■ EXCERPTED DATA ■
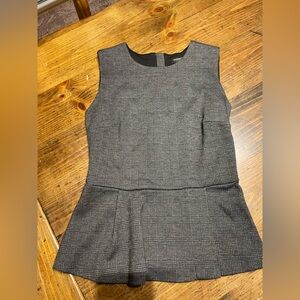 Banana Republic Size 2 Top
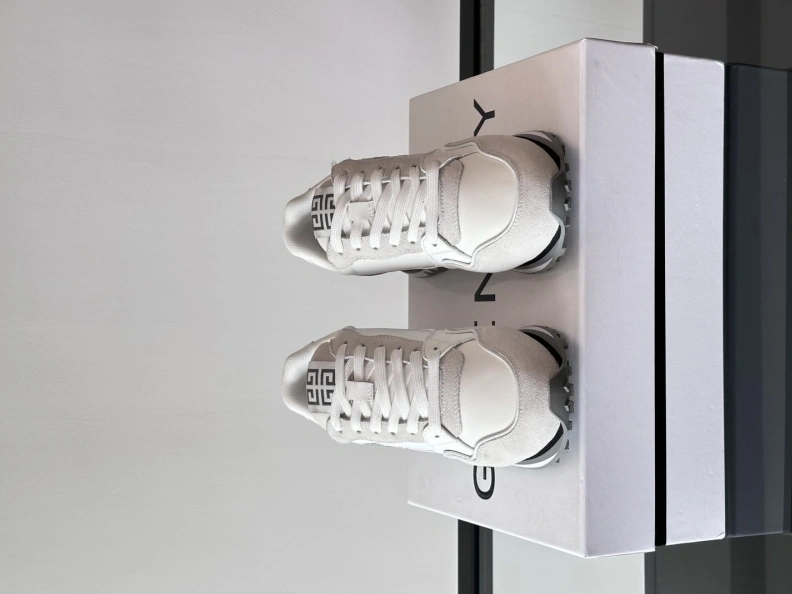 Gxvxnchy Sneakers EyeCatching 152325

--

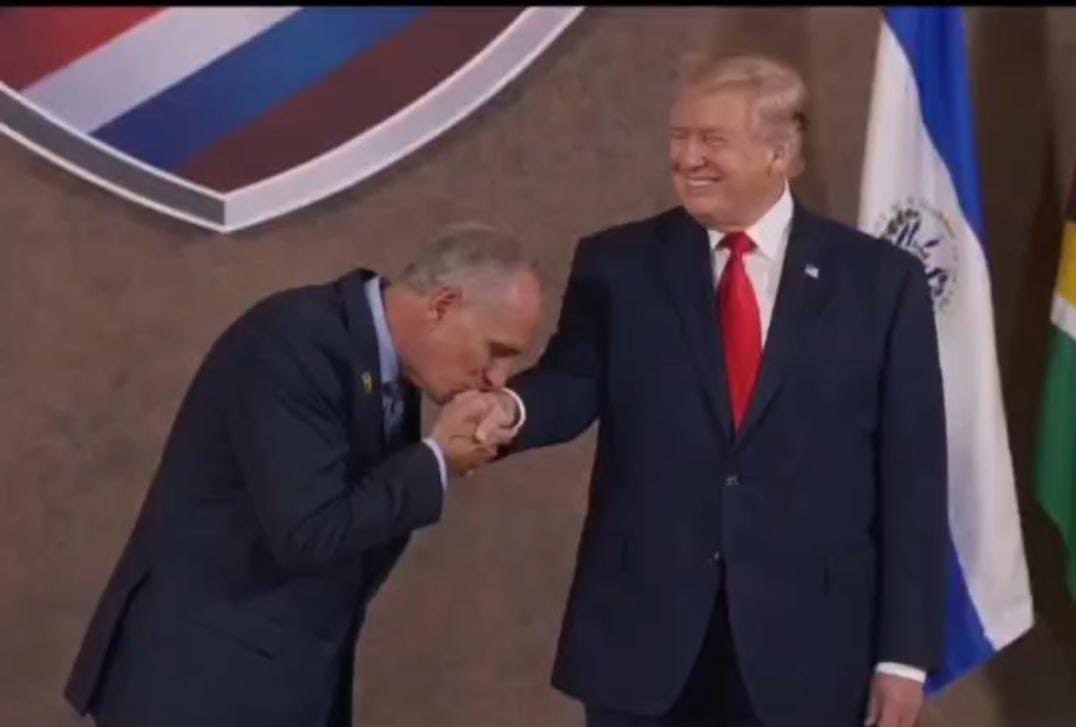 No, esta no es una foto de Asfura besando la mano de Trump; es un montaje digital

==

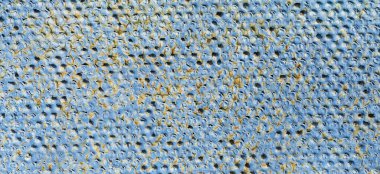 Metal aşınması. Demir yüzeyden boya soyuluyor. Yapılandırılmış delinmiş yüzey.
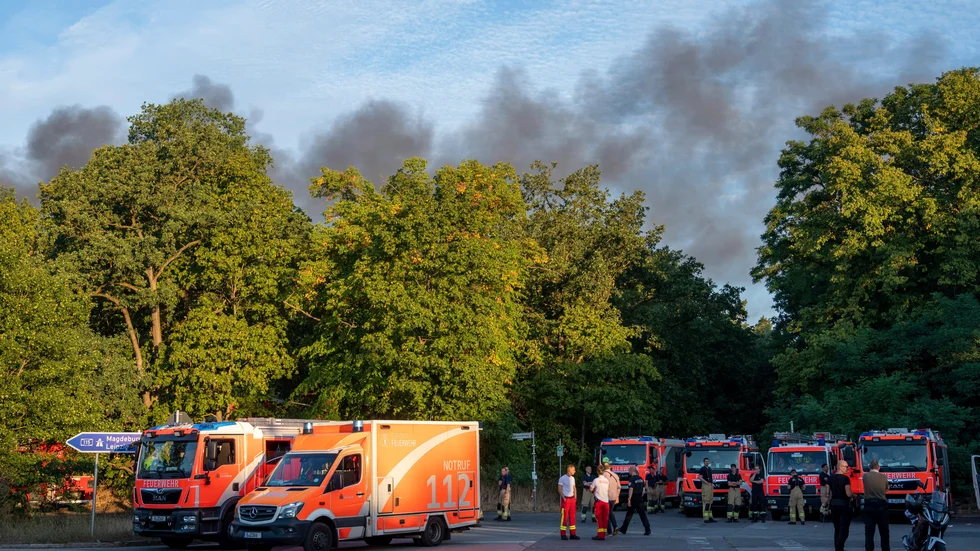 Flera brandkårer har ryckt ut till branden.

■ TASK INSTRUCTIONS ■
Repeat the lines above exactly, beginning with the one containing "Banana Republic Size 2 Top" and finishing with the one containing "Gxvxnchy Sneakers EyeCatching 152325". No pictures belong in the copy.

■ PROBLEM SOLUTION ■
 Banana Republic Size 2 Top
 Gxvxnchy Sneakers EyeCatching 152325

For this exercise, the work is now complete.